(Scraped caption text data)

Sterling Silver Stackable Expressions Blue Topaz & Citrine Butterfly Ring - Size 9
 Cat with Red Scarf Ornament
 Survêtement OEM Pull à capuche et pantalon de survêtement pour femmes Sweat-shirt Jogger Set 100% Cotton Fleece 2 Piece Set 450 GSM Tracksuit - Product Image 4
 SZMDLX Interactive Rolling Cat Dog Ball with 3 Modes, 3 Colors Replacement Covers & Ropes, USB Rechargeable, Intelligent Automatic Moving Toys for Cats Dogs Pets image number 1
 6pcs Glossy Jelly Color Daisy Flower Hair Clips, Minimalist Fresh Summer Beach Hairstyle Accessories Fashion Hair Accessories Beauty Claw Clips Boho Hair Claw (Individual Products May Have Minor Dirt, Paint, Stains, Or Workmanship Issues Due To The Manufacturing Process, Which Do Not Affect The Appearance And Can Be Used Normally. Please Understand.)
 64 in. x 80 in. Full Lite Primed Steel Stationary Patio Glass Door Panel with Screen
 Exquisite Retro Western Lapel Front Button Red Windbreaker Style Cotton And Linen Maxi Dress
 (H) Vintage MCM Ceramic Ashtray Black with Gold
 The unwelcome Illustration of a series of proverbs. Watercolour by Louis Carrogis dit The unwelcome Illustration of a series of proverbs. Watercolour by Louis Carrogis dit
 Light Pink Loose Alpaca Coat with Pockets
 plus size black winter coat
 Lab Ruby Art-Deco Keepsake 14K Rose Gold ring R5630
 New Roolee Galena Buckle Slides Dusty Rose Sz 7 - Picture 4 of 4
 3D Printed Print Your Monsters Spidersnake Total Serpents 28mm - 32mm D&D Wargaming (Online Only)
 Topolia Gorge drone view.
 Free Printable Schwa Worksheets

> [Brief]
Which lines run from the one holding "(H) Vintage MCM" through the one holding "Lab Ruby Art-Deco" in the records above? Repeat them exactly, both included, and nothing more.

> [Problem solution]
 (H) Vintage MCM Ceramic Ashtray Black with Gold
 The unwelcome Illustration of a series of proverbs. Watercolour by Louis Carrogis dit The unwelcome Illustration of a series of proverbs. Watercolour by Louis Carrogis dit
 Light Pink Loose Alpaca Coat with Pockets
 plus size black winter coat
 Lab Ruby Art-Deco Keepsake 14K Rose Gold ring R5630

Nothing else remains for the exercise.